Packaging and Deployment
With the logic defined, we need to package and deploy it.
Containerizing with Docker
The Dockerfile
is straightforward. It starts from a slim Python image (python:3.13.0-slim)
, installs the dependencies from requirements.txt
, and uses gunicorn
as a production-grade web server. The --timeout 0
flag is critical, as it tells gunicorn
that our streaming request is allowed to run forever.
# Extracted from our Dockerfile - not complete
CMD exec gunicorn --bind :$PORT --workers 1 --threads 8 --timeout 0 main:app
Secure Deployment with gcloud
We use the gcloud
CLI to deploy our service. The most important part of the deployment command is how we handle configuration. Instead of passing secrets as plain text, we mount them directly from Secret Manager.
# From the deployment instructions
gcloud run deploy falcon-streamer \
--source . \
--platform managed \
--region "us-central1" \
--update-secrets="FALCON_CLIENT_ID=falcon-client-id:latest" \
--update-secrets="FALCON_CLIENT_SECRET=falcon-client-secret:latest" \
--update-secrets="GCS_BUCKET_NAME=gcs-bucket-name:latest" \
--update-secrets="FALCON_BASE_URL=falcon-base-url:latest"
This command tells Cloud Run to fetch the latest version of each secret and inject it into the running container as an environment variable. Our Python script then reads these variables using os.environ.get()
. This is a secure and highly flexible way to manage configuration.
The Outcome: Your Automated Data Pipeline
After deploying, you have a fully automated, serverless pipeline. The service will run continuously, capturing every event from your Falcon stream and writing it to GCS in organized, time-stamped .jsonl
files.
Where to from here? You could:
- Set up a Chronicle Feed: Point Chronicle directly at your GCS bucket for automatic, continuous ingestion into your SIEM.

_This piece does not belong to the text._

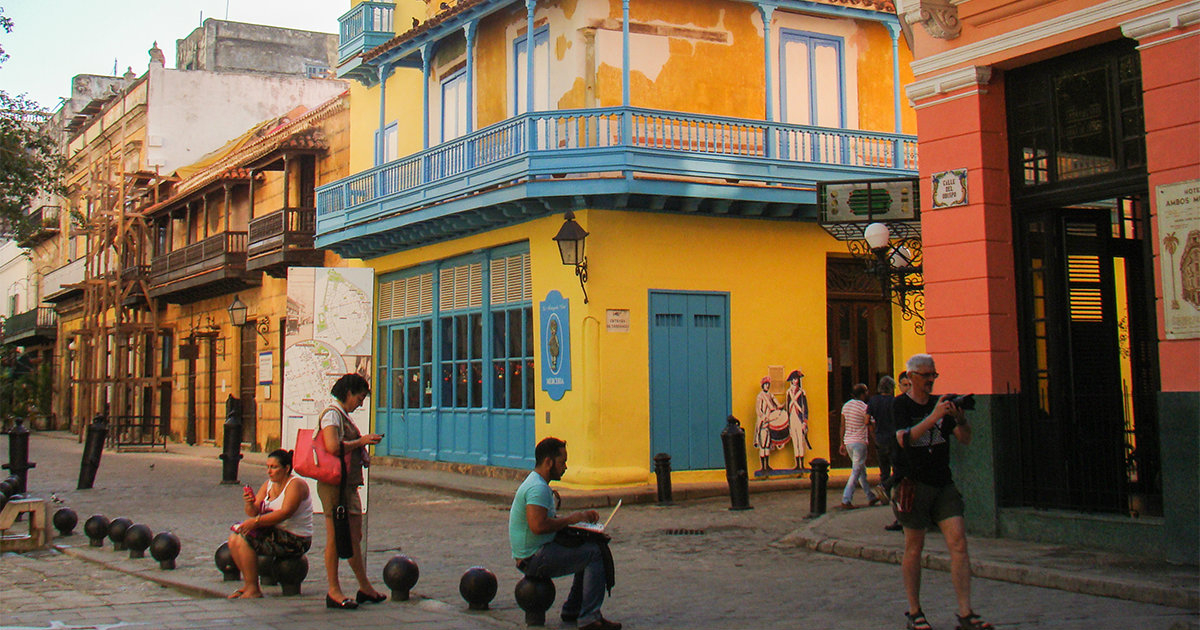 Cubanos, a la caza del wifi. © CiberCuba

- Analyze with BigQuery: Create an external table in BigQuery on top of your GCS files to run complex SQL queries against your security data.
- Trigger Real-Time Alerts: Configure a GCS trigger to run a Cloud Function on each new file created, allowing you to build custom, real-time alerting logic.
This architecture provides a robust foundation for leveraging your Falcon security data across the Google Cloud ecosystem.